U.S. recognition of elected officials in Brazil will not come from negotiation with candidate, says embassy


Three days after the head of the US Embassy in Brazil met with former President Luiz Inácio Lula da Silva (PT), the Biden administration’s diplomatic representation issued a note according to which the recognition of the election results will not come from “negotiation with any candidate or political party”.

Also, in yet another message to Jair Bolsonaro (PL) that he will not condone a coup d’état, the embassy reaffirmed its trust in the country’s electoral justice, which is the target of constant attacks by the president.

“Eventually US recognition will come to the candidate who wins the presidential election as a result of our determination on the integrity of the electoral process led by the Superior Electoral Court, not a negotiation with any candidate or party,” the embassy said on Twitter.

“Our confidence in the Brazilian elections has been clearly reinforced by several high-ranking US government officials and remains unchanged.”

On Wednesday (21), former president and presidential candidate Lula met with US government chargé d’affaires Douglas Koneff, the most senior official of the Joe Biden administration in Brazil today.
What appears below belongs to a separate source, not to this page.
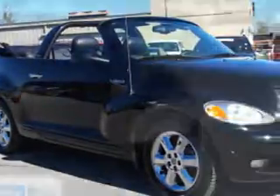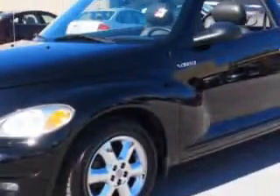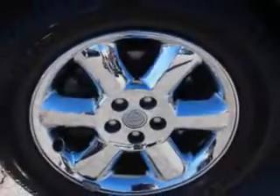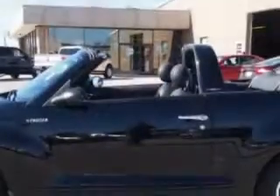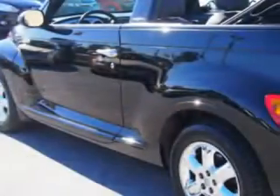Check out this '05 Chrysler PT Cruiser Touring with a 4-cylinder engine and an automatic transmission. This great car has a power driver's seat, a premium sound system, cassette player, cruise control, tinted glass, driver's side airbag, passenger's front airbag, power convertible top, and anti-lock brakes.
At the meeting, Koneff defended confidence in the Brazilian electoral process. Before, the American had already met with candidates Ciro Gomes (PDT) and Simone Tebet (MDB).
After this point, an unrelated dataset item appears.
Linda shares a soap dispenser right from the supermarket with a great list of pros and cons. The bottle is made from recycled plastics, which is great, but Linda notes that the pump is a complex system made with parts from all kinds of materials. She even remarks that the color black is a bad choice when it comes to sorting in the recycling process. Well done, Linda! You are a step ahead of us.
The Biden administration has sent a series of messages to Brazilian authorities that it does not agree with Bolsonaro’s questions about the integrity of the country’s electoral process.

On September 7, after Bolsonaro continued the coup rhetoric at Independence Bicentennial events, spokeswoman Karine Jean-Pierre stated that the White House is monitoring the elections and reinforced that Washington trusts Brazil’s democratic institutions.

On the same day, in a note to celebrate 200 years of Independence, Secretary of State Antony Blinken highlighted the importance of commitment to democracy.

In July, after Bolsonaro summoned ambassadors to spread the coup’s thesis about the election, Washington’s representation in Brasília issued a statement in which it said it trusted the Brazilian electoral system, a “model for nations”. Days later, at a conference of defense ministers from the Americas, Secretary Lloyd Austin argued that the military must be “under firm civilian control.”

In the only meeting he has had with Biden so far, Bolsonaro would have asked for help to defeat the favorite in the polls, former president Lula (PT), according to the Bloomberg news agency. At the meeting in Los Angeles, the Brazilian repeated that he wanted “clean, reliable and auditable elections”; the American responded, according to the State Department, that “the US does not tolerate election intervention from anywhere.”

Sectors more to the left of the US Legislature have expressed themselves in a more incisive manner. In a letter delivered by 31 deputies and eight senators earlier this month to President Biden, lawmakers warn of the risk of a coup and accuse Bolsonaro of threatening democratic institutions.

In the text, they called for Brazil to lose support for joining the OECD, the club of rich countries, and the status of a non-NATO ally in the Western military group if Bolsonaro insists on the coup-like acts.